(Provided data Opens)

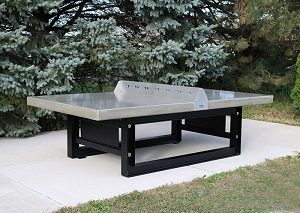 Outdoor ping pong table 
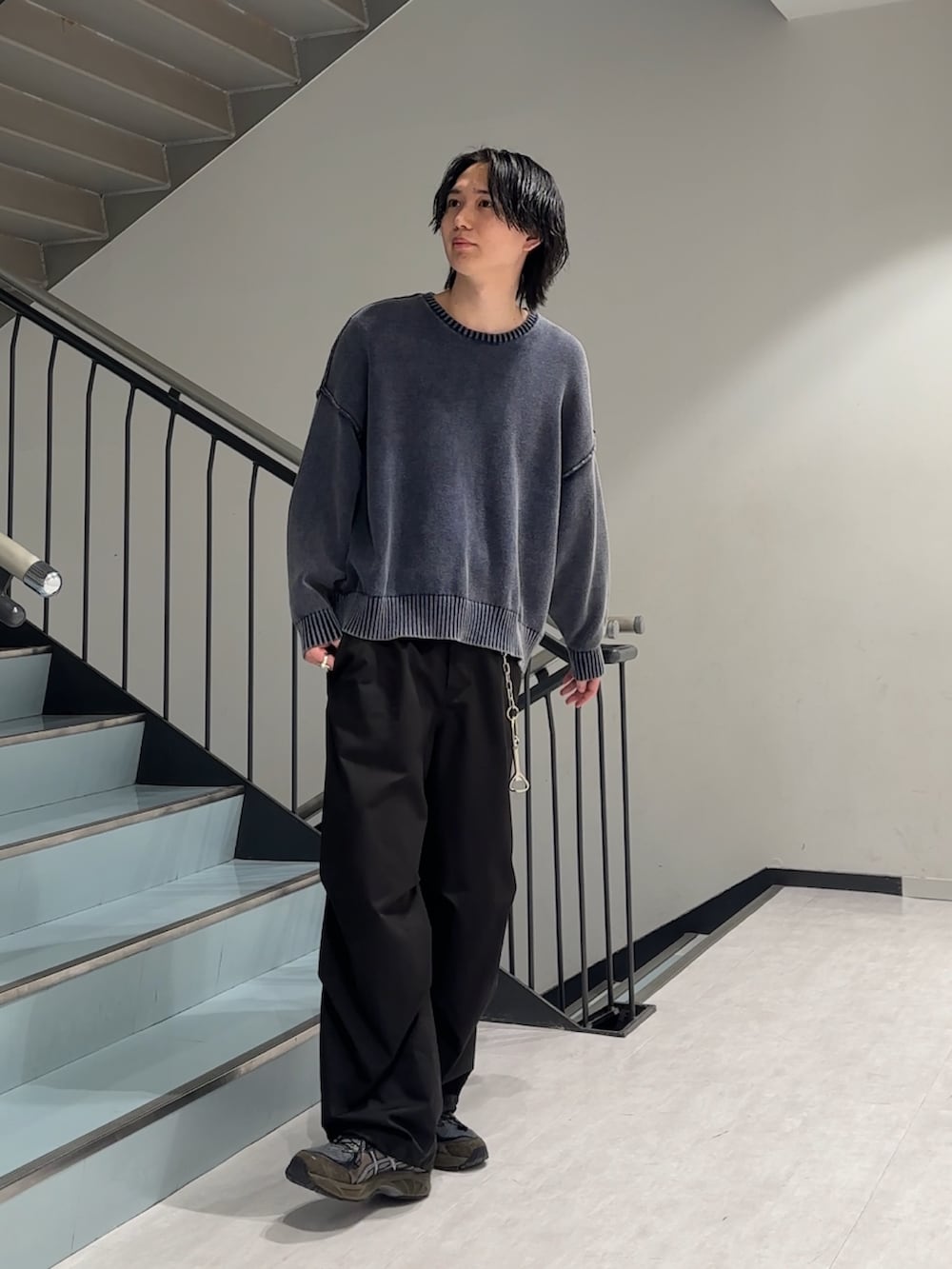 ブルー系のニット/セーター、ブラック系のその他パンツを着用したメンズの冬コーディネートの4枚目の写真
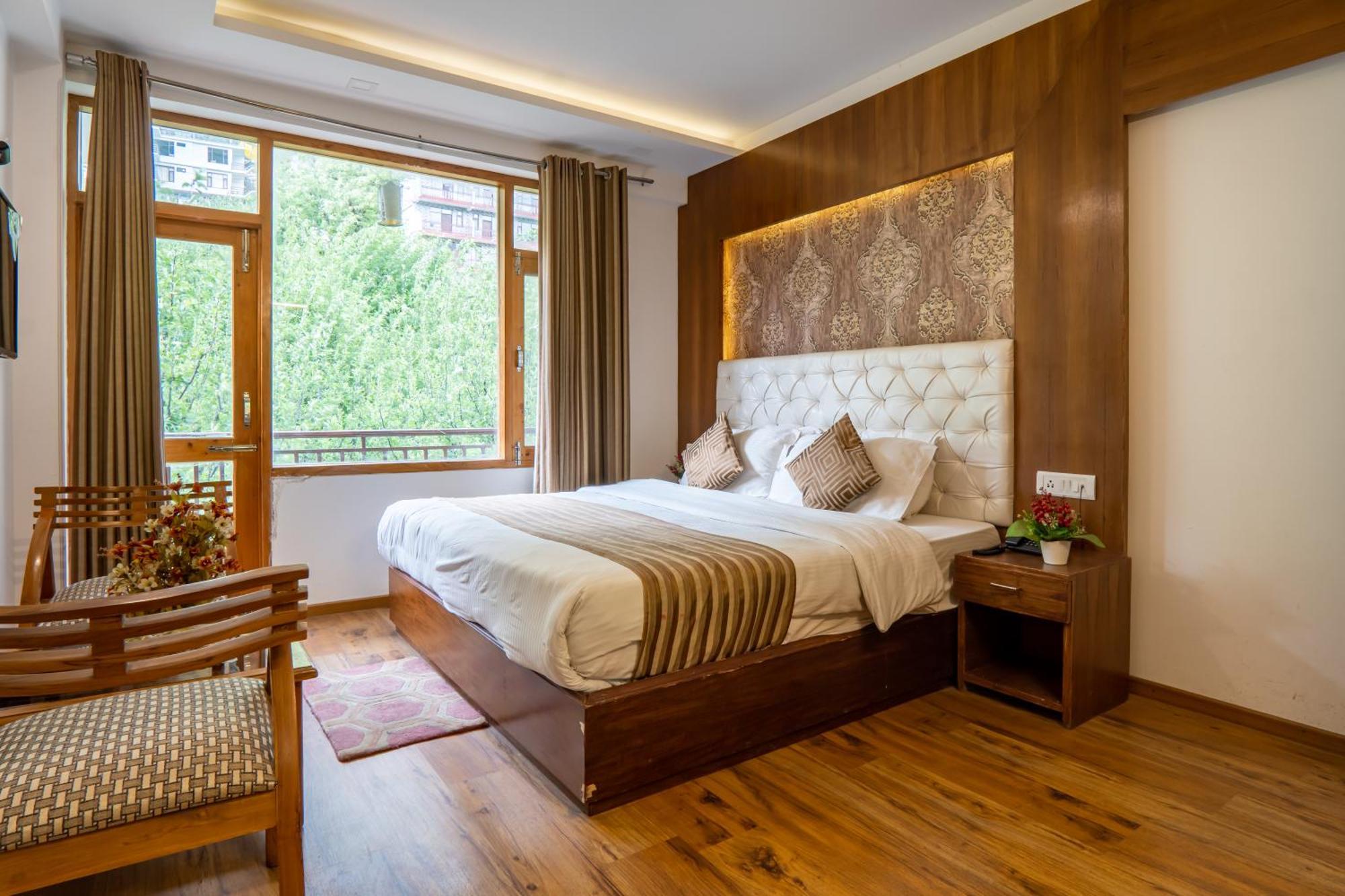 Pristine Inn Manali Exteriör bild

(Provided data Closes)

• [Task objective] Any picture in the material is to be dropped; the rest is repeated exactly.

• [Completed exercise]
 Outdoor ping pong table 
 ブルー系のニット/セーター、ブラック系のその他パンツを着用したメンズの冬コーディネートの4枚目の写真
 Pristine Inn Manali Exteriör bild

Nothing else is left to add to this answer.